What constitutes “good cause attributable to such work” is a fact-specific inquiry.  The New Jersey Department of Labor and Workforce Development has promulgated regulations that seemingly address particular circumstances under which an individual will be found to have left work with “good cause attributable to such work.”  Pursuant to N.J.A.C. 12:17-9.3(b), for example, “[a] n individual who leaves a job due to a physical and/or mental condition or state of health which does not have a work-connected origin but is aggravated by working conditions will not be disqualified for benefits for voluntarily leaving work without good cause ‘attributable to such work,’ provided there was no other suitable work available which the individual could have performed within the limits of the disability.”  Notably, the regulation does not include a requirement that the individual notify his or her employer of the health condition and inquire as to the availability of “other suitable work.”

Another exception to the disqualification rule was added in 2015, when the Legislature amended N.J.S.A. 43:21-5(a) to allow an individual who voluntarily leaves employment to be eligible for unemployment benefits if he or she does so to accept employment elsewhere, begins the other employment within seven days, and his or her “weekly hours or pay [is] not less than the hours or pay of the employment of the first employer.”  The amendment essentially protects an employee who voluntarily leaves employment for another job with at least the same hours or pay, but is terminated prior to working the requisite eight weeks to become eligible for unemployment benefits.

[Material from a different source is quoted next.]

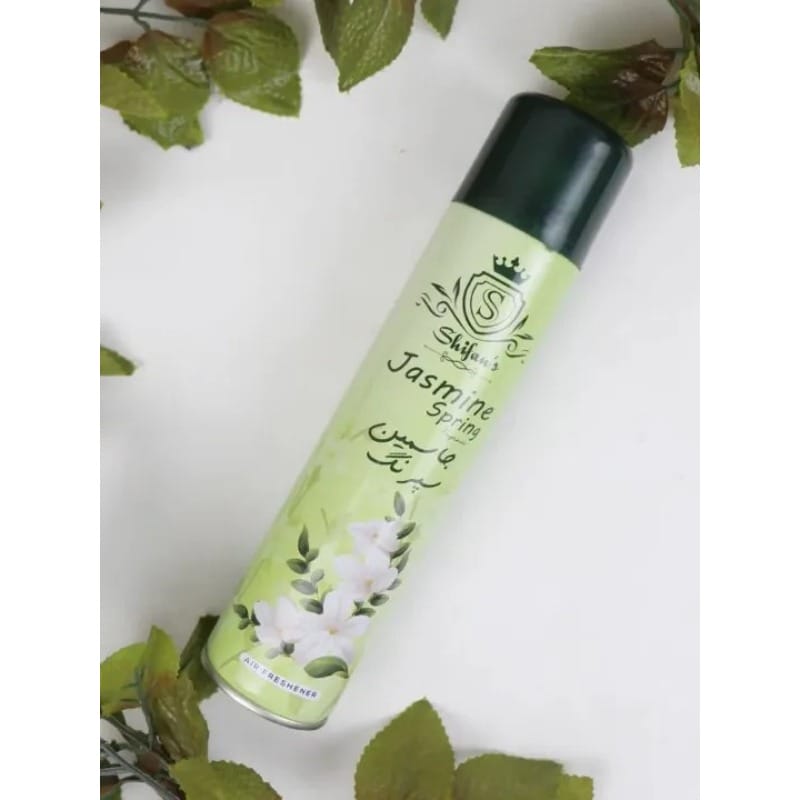 Shifan's Jasmine Spring Air Freshener - Shop Online Pakistan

With the backdrop of this legislative and regulatory history, in Margo S. Ardan v. Board of Review, the New Jersey Supreme Court, in a 4-3 majority opinion, recently clarified two issues surrounding the application of the above two exceptions to the disqualification rule for voluntarily leaving employment.  First, the Court explained what a claimant must prove to demonstrate the unavailability of “other suitable work” under N.J.A.C. 12:17-9.3(b).  Second, the Court concluded that the 2015 amendment to N.J.S.A. 43:21-5(a) was not retroactive.  While the Court’s latter holding concerning the retroactivity of the 2015 amendment will likely have little impact on employers, the Court’s decision with regard to a claimant’s required evidentiary showing under N.J.A.C. 12:17-9.3(b) may increase the number of employees who seek accommodations for health problems aggravated by working conditions.  These requests may give rise to an employer’s obligation to engage in the interactive process under the Americans with Disabilities Act (ADA) and the New Jersey Law Against Discrimination (LAD) to determine whether the employee can be accommodated.

Plaintiff Ardan, who suffered “chronic neck, lower-back, and left-knee pain,” began working at a medical center as a registered nurse in September 2010.  Her job duties required her to “walk substantial distances,” and to bend and lift, which aggravated her ailments.  Ardan neither requested less arduous work nor informed her employer of her condition while employed.  In 2012, she resigned from her position at the medical center and accepted a desk job as a healthcare communicator to ease the strain on her body without significantly reducing her wages.  After seven weeks at her new job, Ardan was terminated.

Ardan applied for unemployment benefits.  The Deputy Director of the Division of Unemployment and Disability Insurance denied her application, and the Appeal Tribunal, the Board of Review, and the Appellate Division all subsequently upheld the denial.  The appellate panel, in particular, concluded that Ardan did not offer sufficient proof regarding the unavailability of “other suitable work” under N.J.A.C. 12:17-9.3(b), which it interpreted to require notice to the employer and employee inquiry regarding an alternative position to accommodate the condition.  The panel also found that the 2015 amendment to N.J.S.A. 43:21-5(a) was not retroactive.  The Court granted Ardan’s petition for certification.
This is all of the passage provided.